[Work to be completed] Look below for the line with "ભાવનગરમાં યુવકને રોડ"; begin the copy there and stop after the line with "casa indipendente in", keeping the text exact and the pictures out.

-------

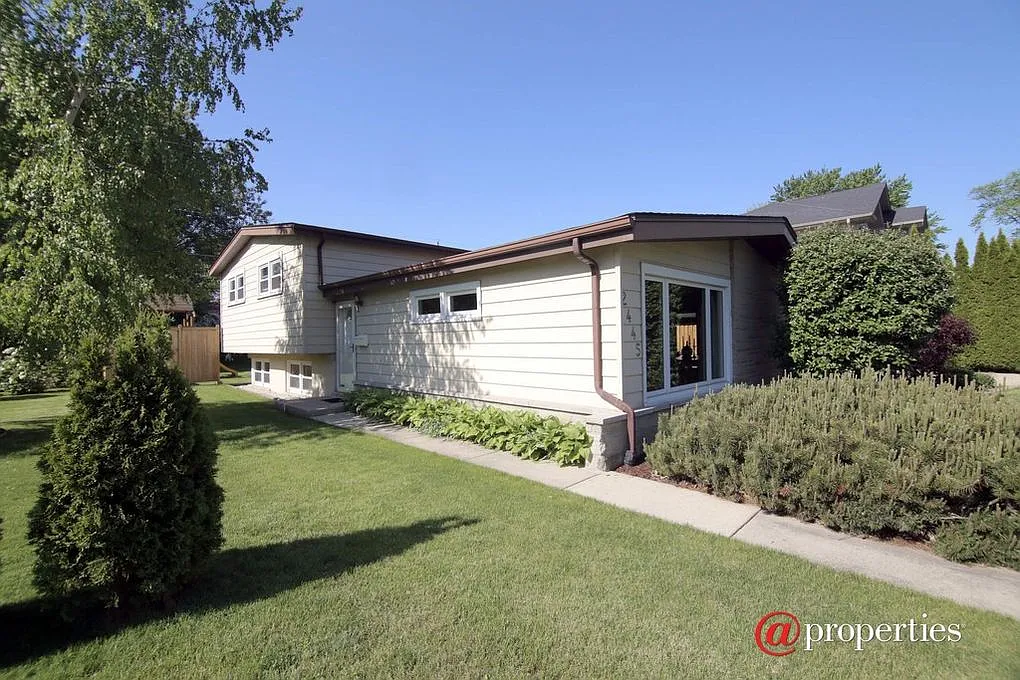 2445 Fontana Dr photo 1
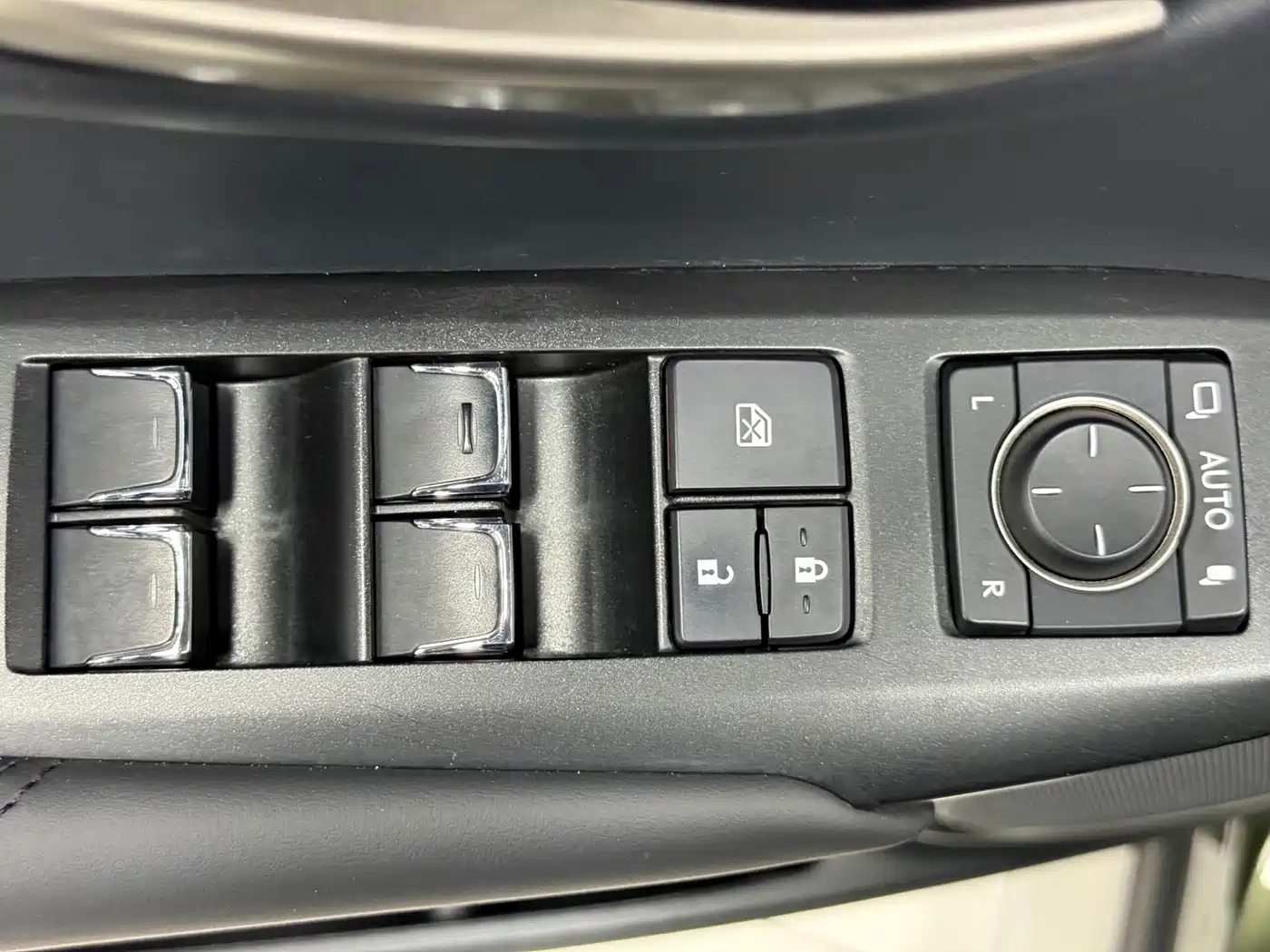 Фото 16 - Lexus NX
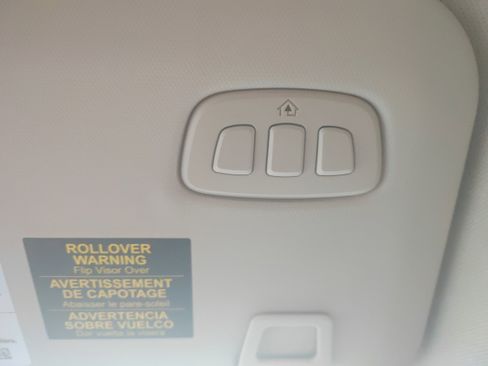 Used 2020 Ford Escape Titanium image 19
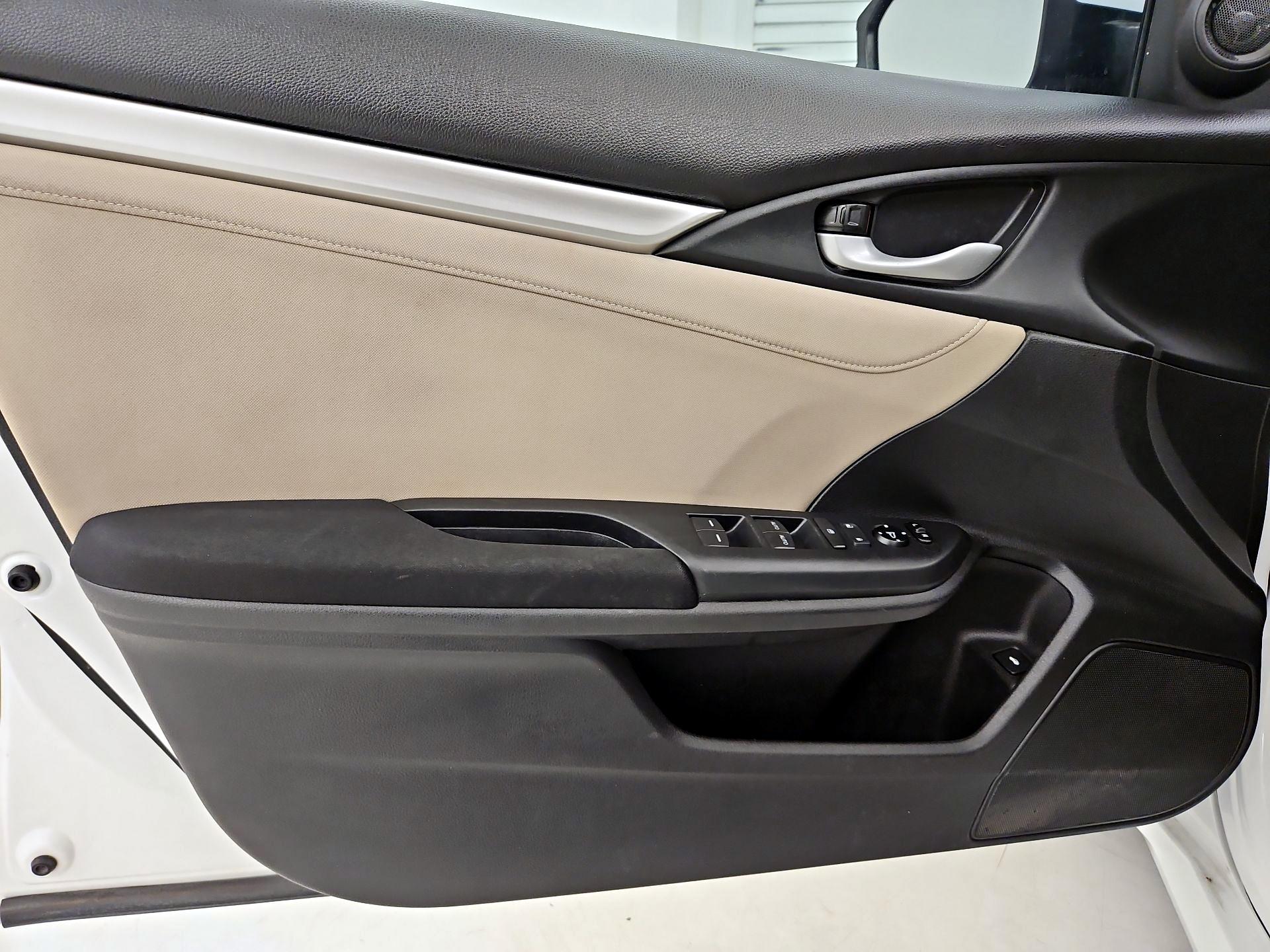 Thumbnail: 2017 Honda Civic - 12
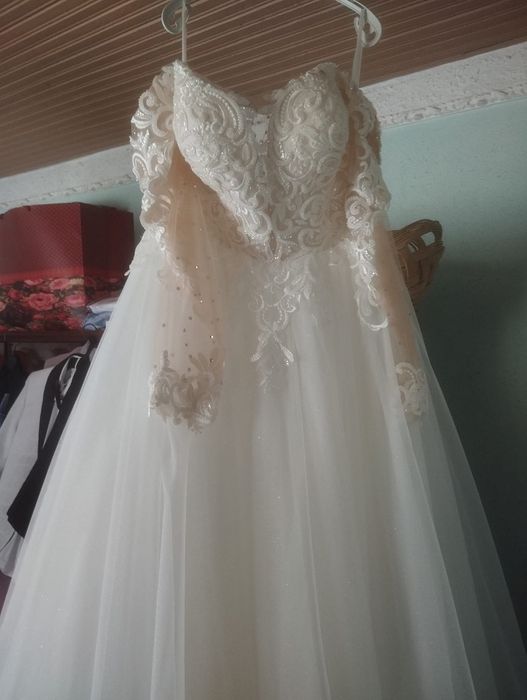Rochie mireasă purtata
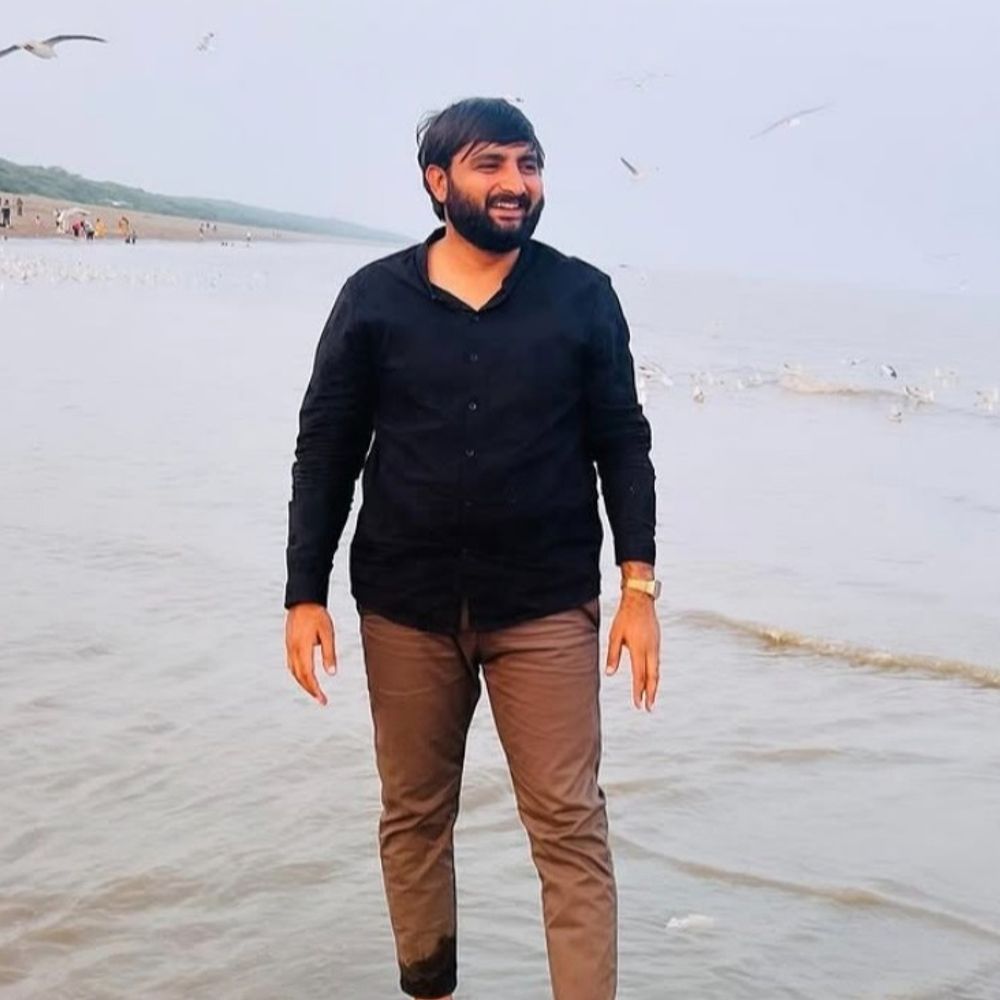 ભાવનગરમાં યુવકને રોડ વચ્ચે છરીના ઘા મારી પતાવી દીધો, VIDEO:ત્રણ અજાણ્યા શખસોએ મોપેડ રોકી જીવલેણ હુમલો કર્યો, રાહદારી રોકવા આવ્યો છતાં ન રોકાયા, પોલીસ તપાસ શરૂ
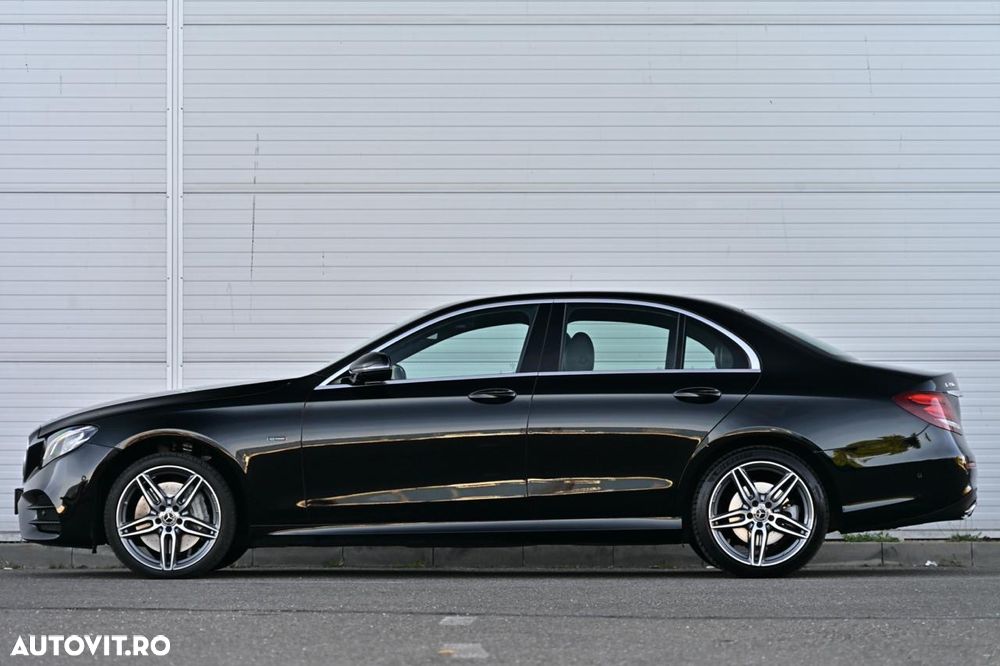 Mercedes-Benz E - 5
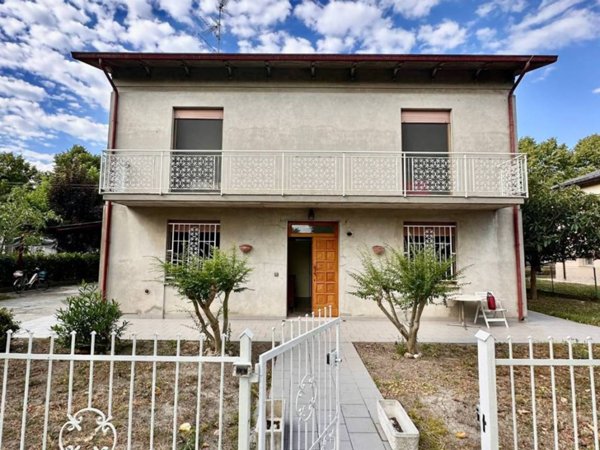 casa indipendente in vendita a San Felice sul Panaro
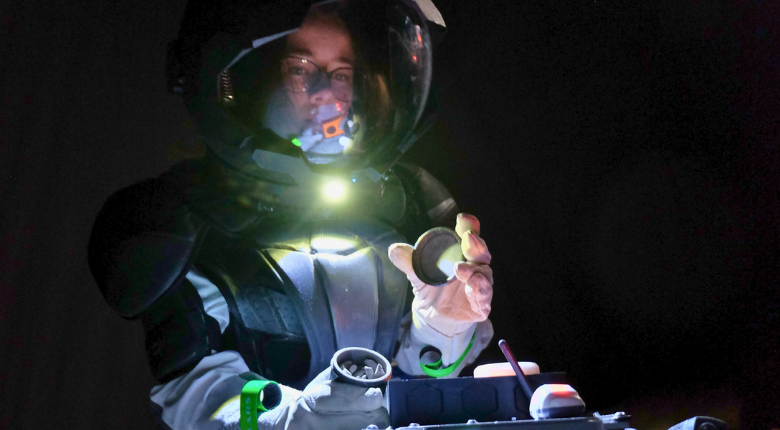 Imagen oficial de Zonta International para la beca Amelia Earhart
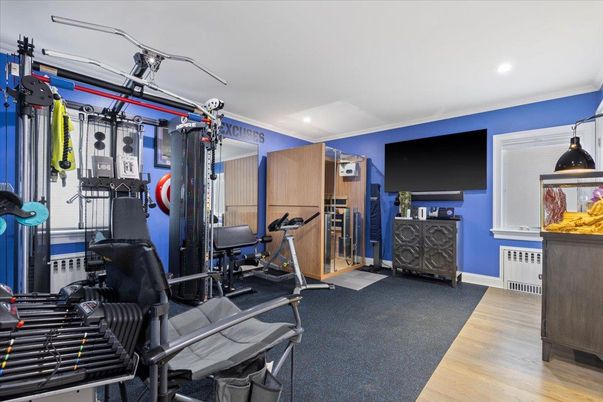 Fitness Equipment, Interior, Recessed Lighting, Wood Texture Flooring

-------

[Answer box]
 ભાવનગરમાં યુવકને રોડ વચ્ચે છરીના ઘા મારી પતાવી દીધો, VIDEO:ત્રણ અજાણ્યા શખસોએ મોપેડ રોકી જીવલેણ હુમલો કર્યો, રાહદારી રોકવા આવ્યો છતાં ન રોકાયા, પોલીસ તપાસ શરૂ
 Mercedes-Benz E - 5
 casa indipendente in vendita a San Felice sul Panaro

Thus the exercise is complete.